The heat capacity of flue gas is calculated based on the firing rate, stoichiometric air requirement, excess air, flue gas temperature, and fuel heating value. An empirical factor of 0.021 is applied to account for the specific heat properties of typical flue gas compositions.

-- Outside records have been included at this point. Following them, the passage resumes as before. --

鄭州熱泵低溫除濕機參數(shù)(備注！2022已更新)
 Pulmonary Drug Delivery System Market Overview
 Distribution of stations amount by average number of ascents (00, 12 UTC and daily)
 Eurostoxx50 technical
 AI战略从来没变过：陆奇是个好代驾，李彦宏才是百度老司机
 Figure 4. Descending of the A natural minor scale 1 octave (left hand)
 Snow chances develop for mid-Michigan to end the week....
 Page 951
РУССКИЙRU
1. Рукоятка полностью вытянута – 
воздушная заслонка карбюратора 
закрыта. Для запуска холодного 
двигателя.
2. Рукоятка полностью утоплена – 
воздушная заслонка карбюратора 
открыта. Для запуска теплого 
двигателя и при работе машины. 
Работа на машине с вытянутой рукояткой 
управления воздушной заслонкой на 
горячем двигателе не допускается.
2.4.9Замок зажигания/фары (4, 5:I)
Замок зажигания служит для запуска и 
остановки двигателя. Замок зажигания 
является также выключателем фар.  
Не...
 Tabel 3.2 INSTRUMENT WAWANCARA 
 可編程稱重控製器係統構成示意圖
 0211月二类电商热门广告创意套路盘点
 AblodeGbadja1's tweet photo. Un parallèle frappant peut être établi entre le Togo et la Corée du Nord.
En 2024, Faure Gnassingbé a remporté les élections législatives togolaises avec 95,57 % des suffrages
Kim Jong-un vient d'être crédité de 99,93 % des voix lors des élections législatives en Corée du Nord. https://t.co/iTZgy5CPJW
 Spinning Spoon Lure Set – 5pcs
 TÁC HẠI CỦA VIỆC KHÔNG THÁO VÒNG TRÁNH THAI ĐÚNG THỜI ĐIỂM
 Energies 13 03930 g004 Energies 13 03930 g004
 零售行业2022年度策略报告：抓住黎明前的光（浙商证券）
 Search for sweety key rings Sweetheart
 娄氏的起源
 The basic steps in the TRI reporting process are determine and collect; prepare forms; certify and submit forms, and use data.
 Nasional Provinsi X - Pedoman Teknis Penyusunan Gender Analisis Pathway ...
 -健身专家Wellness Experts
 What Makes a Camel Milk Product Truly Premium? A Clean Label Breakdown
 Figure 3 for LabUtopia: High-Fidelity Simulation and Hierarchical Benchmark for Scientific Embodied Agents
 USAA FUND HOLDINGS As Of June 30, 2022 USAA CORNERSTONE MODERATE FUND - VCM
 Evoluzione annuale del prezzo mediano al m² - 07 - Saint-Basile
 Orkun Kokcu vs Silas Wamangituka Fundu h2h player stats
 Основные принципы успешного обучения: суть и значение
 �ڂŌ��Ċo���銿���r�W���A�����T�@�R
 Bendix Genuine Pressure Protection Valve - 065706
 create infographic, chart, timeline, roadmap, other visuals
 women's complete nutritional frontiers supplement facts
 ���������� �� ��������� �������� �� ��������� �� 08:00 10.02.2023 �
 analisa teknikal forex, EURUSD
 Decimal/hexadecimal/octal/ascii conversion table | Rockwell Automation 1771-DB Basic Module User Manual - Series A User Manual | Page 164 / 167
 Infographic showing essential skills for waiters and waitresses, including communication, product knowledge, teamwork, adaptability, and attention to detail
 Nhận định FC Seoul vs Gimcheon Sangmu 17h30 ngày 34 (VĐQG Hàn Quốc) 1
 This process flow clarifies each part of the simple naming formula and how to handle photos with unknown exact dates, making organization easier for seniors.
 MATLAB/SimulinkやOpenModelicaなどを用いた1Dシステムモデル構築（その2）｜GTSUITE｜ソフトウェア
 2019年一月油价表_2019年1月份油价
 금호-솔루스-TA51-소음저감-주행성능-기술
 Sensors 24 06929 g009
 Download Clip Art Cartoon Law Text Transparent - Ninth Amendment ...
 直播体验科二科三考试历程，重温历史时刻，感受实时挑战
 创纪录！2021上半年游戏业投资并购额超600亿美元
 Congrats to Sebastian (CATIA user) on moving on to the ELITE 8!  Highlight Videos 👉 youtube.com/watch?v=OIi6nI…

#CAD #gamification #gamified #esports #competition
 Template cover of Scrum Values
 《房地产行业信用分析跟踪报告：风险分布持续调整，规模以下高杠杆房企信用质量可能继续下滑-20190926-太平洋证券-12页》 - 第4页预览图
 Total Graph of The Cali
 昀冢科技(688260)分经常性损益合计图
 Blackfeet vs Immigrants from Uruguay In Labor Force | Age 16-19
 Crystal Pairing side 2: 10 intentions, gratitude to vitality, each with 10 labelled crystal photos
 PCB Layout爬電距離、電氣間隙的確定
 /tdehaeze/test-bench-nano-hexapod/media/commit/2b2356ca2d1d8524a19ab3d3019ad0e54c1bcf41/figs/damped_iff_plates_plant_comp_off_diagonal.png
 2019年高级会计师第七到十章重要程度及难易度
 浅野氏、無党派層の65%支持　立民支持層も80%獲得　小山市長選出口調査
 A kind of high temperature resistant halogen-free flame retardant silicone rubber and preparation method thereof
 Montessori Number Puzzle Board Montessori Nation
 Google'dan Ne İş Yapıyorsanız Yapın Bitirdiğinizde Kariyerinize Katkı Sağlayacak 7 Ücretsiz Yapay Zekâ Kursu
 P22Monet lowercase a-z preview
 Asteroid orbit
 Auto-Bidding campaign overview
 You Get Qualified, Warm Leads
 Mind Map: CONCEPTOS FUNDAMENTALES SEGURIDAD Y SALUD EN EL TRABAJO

\begin{equation}\label{eq:air-heating-exhaust-heat-capacity-flue} C_{flue} = \frac{Q_{fire} \cdot 10^6 \cdot \left(\frac{(1 + EA) \cdot A_{stoich}}{32} + 1\right) \cdot T_{flue}}{HV_{fuel} \cdot 1000} \cdot 0.021\end{equation}

Symbols

\(C_{flue}\)	Heat capacity of flue gas \([\unit{ \btu\per\degreeFahrenheit}]\)
\(Q_{fire}\)	Firing rate \([\unit{ \mega\btu\per\hour}]\)
\(EA\)	Excess air fraction \([\unit{ \unitless}]\)
\(A_{stoich}\)	Stoichiometric air requirement (gas) \([\unit{ \cubicFoot\per\cubicFoot}]\)
\(A_{stoich}\)	Stoichiometric air requirement (solid/liquid) \([\unit{ \pound\per\pound}]\)
\(T_{flue}\)	Flue gas temperature \([\unit{ \degreeFahrenheit}]\)
\(HV_{fuel}\)	Fuel heating value (gas) \([\unit{ \btu\per\cubicFoot}]\)
\(HV_{fuel}\)	Fuel heating value (solid/liquid) \([\unit{ \btu\per\pound}]\)
\(0.021\)	Empirical factor for flue gas heat capacity \([\unit{ \unitless}]\)
\(32\)	Empirical divisor for stoichiometric air calculation \([\unit{ \unitless}]\)